The function takes in six arguments:
* `X_train`
* `y_train`
* `X_test`
* `y_test`
* `min_k` (default is 1)
* `max_k` (default is 25)
    
> **Pseudocode Hint**:
1. Create two variables, `best_k` and `best_score`
1. Iterate through every **_odd number_** between `min_k` and `max_k + 1`. 
    1. For each iteration:
        1. Create a new `KNN` classifier, and set the `n_neighbors` parameter to the current value for k, as determined by the loop 
        1. Fit this classifier to the training data 
        1. Generate predictions for `X_test` using the fitted classifier 
        1. Calculate the **_F1-score_** for these predictions 
        1. Compare this F1-score to `best_score`. If better, update `best_score` and `best_k` 
1. Once all iterations are complete, print the best value for k and the F1-score it achieved 

In [19]:
from sklearn.neighbors import KNeighborsClassifier
from sklearn.metrics import f1_score

def find_best_k(X_train, y_train, X_test, y_test, min_k=1, max_k=25):
    # Initialize variables to track the best k and its corresponding F1 score
    best_k = None
    best_score = 0

    # Iterate through odd numbers between min_k and max_k + 1
    for k in range(min_k, max_k + 1, 2):  # Only odd numbers
        # Create and fit the KNN classifier
        knn = KNeighborsClassifier(n_neighbors=k)
        knn.fit(X_train, y_train)

        # Generate predictions on the test set
        preds = knn.predict(X_test)

        # Calculate the F1 score
        current_score = f1_score(y_test, preds)

        # Update best_k and best_score if current_score is better
        if current_score > best_score:
            best_k = k
            best_score = current_score

    # Print the best k and its corresponding F1 score
    print(f"Best K: {best_k}")
    print(f"Best F1 Score: {best_score:.2f}")

    return best_k, best_score



In [20]:
find_best_k(scaled_data_train, y_train, scaled_data_test, y_test)
# Expected Output:

# Best Value for k: 17
# F1-Score: 0.7468354430379746

Best K: 21
Best F1 Score: 0.76


(21, 0.7575757575757576)

If all went well, you'll notice that model performance has improved by 3 percent by finding an optimal value for k. For further tuning, you can use scikit-learn's built-in `GridSearch()` to perform a similar exhaustive check of hyperparameter combinations and fine tune model performance. For a full list of model parameters, see the [sklearn documentation !](https://scikit-learn.org/stable/modules/generated/sklearn.neighbors.KNeighborsClassifier.html)



## (Optional) Level Up: Iterating on the data

As an optional (but recommended!) exercise, think about the decisions you made during the preprocessing steps that could have affected the overall model performance. For instance, you were asked to replace the missing age values with the column median. Could this have affected the overall performance? How might the model have fared if you had just dropped those rows, instead of using the column median? What if you reduced the data's dimensionality by ignoring some less important columns altogether?
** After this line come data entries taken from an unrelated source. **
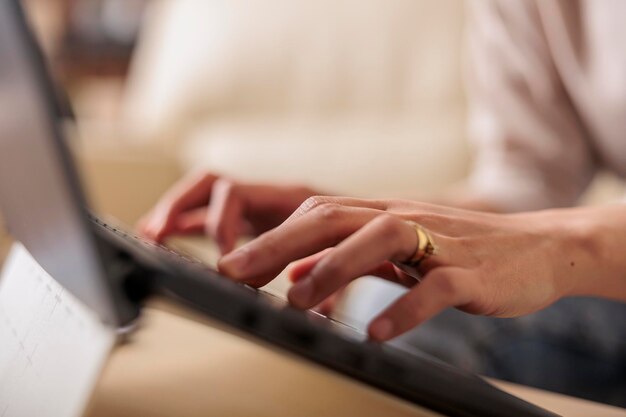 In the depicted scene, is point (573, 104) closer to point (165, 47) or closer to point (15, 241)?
point (15, 241)

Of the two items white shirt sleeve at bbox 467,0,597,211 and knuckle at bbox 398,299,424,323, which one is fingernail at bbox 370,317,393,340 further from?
white shirt sleeve at bbox 467,0,597,211

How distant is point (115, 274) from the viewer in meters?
0.32

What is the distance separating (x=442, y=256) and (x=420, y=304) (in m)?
0.04

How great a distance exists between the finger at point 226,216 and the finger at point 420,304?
0.84 ft

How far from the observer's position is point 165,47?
5.52ft

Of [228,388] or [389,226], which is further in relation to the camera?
[228,388]

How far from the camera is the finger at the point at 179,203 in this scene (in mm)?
631

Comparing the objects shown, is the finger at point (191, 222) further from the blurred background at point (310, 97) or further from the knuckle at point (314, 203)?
the blurred background at point (310, 97)

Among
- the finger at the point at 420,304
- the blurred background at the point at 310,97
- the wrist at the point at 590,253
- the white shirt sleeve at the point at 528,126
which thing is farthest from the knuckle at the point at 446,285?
the blurred background at the point at 310,97

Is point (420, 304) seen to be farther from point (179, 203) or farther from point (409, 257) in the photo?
→ point (179, 203)

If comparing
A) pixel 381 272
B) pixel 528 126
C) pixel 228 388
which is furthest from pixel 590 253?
pixel 528 126

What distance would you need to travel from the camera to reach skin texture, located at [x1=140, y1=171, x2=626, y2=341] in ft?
1.17

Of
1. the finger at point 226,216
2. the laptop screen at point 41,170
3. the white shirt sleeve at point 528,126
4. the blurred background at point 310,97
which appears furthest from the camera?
the blurred background at point 310,97

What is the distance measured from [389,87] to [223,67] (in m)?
0.36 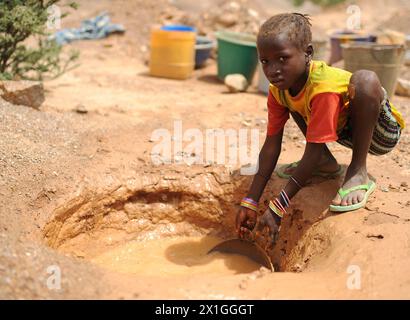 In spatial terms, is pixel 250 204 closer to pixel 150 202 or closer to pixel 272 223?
pixel 272 223

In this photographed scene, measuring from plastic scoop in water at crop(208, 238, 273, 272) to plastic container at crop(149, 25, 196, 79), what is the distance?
12.4 ft

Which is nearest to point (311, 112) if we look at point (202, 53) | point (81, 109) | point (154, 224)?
point (154, 224)

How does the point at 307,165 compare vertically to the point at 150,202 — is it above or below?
above

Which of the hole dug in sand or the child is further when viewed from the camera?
the hole dug in sand

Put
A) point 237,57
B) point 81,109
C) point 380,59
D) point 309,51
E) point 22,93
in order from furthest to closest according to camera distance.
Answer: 1. point 237,57
2. point 380,59
3. point 81,109
4. point 22,93
5. point 309,51

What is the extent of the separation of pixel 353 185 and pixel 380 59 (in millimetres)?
2492

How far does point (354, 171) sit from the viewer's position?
2.88m

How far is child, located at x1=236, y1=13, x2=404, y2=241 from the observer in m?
2.46

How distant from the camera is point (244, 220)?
2814 mm

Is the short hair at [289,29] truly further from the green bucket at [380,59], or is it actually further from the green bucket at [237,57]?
the green bucket at [237,57]

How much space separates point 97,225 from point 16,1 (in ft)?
7.69

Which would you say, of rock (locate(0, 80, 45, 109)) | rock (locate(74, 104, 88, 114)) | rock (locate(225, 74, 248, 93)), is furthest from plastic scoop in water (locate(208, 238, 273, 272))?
rock (locate(225, 74, 248, 93))

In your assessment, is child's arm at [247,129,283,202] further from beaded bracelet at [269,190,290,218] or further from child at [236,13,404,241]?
beaded bracelet at [269,190,290,218]

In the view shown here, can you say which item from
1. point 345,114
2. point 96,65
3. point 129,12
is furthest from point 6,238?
point 129,12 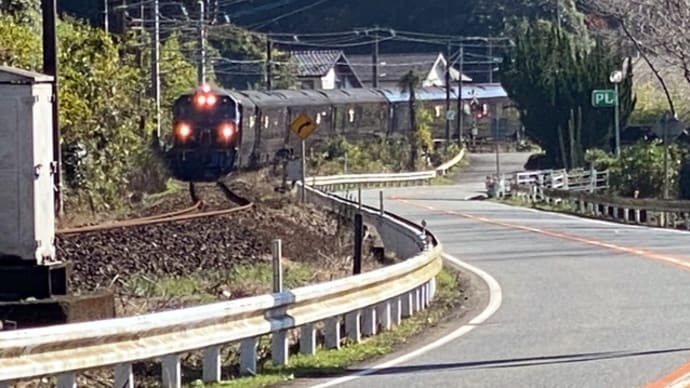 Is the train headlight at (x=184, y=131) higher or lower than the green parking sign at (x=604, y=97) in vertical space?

In the cells below, revisit your preprocessing stage and see if you can improve the overall results of the classifier by doing things differently. Consider dropping certain columns, dealing with missing values differently, or using an alternative scaling function. Then see how these different preprocessing techniques affect the performance of the model. Remember that the `find_best_k()` function handles all of the fitting; use this to iterate quickly as you try different strategies for dealing with data preprocessing! 

## Summary

Well done! In this lab, you worked with the classic Titanic dataset and practiced fitting and tuning KNN classification models using scikit-learn! As always, this gave you another opportunity to continue practicing your data wrangling skills and model tuning skills using Pandas and scikit-learn!